IBB: You’ve got twenty words to tempt us to read your book(s). What would you say?
KP: Delve into a poetic mind and experience pain, loss and heartache like you’ve never experienced before.
IBB: Where do you like to write?
KP: I like to write by the window on a dismal, rainy day with soft thunder and gentle music/
IBB: Is there anything you must have in order to write?
KP: At least one cup of coffee, maybe some tea, and a nice comfortable blanket.
IBB: What books have influenced you most, both as a person and as an author?
KP: I was most influenced by the Warriors series when I was young. It led me to learn how to write after I joined an online writing community focused on the books by Erin Hunter. Without those books, I probably never would have become the author I am today.
IBB: What is the one thing that has helped you develop most as an author?
KP: Education has helped me grow inspiration but what has truly helped me was experiencing life and its cruel realities. My newest poetry chapbook focuses a lot on life with addiction, trauma and mental illness along with grief – things I wouldn’t be able to write about without experience.
IBB: What do you want to achieve most from your writing?
KP: I want to someday be able to reach out to vulnerable young readers and show them that the world isn’t all doom and gloom; one day the sun will shine again.
IBB: Have you received a favorite review of your work?
KP: Not at this time, no.
IBB: Were there any particular parts of the writing/publishing process that you struggled with?
KP: Deciding on a title is probably the hardest aspect!
IBB: Is there something specific you do to improve your writing?
KP: I always like to get feedback from others as I write. When I wrote my first book, I had a very literate, book-loving friend who read it for me and gave me her advice.
IBB: What is the ideal relationship between editor and author?

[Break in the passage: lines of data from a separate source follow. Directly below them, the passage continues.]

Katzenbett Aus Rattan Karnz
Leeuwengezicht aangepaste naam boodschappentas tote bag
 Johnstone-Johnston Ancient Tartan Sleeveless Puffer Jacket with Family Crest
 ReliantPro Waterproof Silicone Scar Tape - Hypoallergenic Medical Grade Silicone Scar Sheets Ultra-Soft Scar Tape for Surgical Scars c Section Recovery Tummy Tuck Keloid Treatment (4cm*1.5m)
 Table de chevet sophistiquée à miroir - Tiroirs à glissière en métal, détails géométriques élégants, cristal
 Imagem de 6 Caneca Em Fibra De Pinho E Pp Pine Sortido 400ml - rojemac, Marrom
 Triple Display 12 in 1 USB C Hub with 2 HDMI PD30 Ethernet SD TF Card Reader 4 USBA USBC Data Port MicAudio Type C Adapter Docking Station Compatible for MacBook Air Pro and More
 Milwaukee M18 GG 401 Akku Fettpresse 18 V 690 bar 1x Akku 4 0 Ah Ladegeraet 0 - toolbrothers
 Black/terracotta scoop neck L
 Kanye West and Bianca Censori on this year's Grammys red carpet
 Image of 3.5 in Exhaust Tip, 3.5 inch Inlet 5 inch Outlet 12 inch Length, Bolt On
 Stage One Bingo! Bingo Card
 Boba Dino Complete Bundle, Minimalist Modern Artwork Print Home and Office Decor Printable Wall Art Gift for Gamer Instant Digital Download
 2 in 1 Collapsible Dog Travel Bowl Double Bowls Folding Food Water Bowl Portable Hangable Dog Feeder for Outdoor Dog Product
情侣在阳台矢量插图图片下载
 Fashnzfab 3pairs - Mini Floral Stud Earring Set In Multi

KP: Understanding what the author wants while also understanding the perspective of the editor.
IBB: If you had a direct line to someone who loves or hates your writing, what would you say?
KP: If you love it, I’m so grateful – tell me all about what you like! If you hate it, well, I’m sorry my work doesn’t speak to you in the ways I had hoped, and I truly hope you find writing that you enjoy.
IBB: If you could give one piece of advice to an aspiring author, what would it be?
KP: Never give up, keep writing and just do what you want – it’s your story, your world.
IBB: What does your writing future hold for you?
KP: That remains a mystery but I’d hope my writing future eventually involves further development of my craft and a book signing with a proper publisher.
Thanks for taking the time to answer our questions. Best of luck in the future.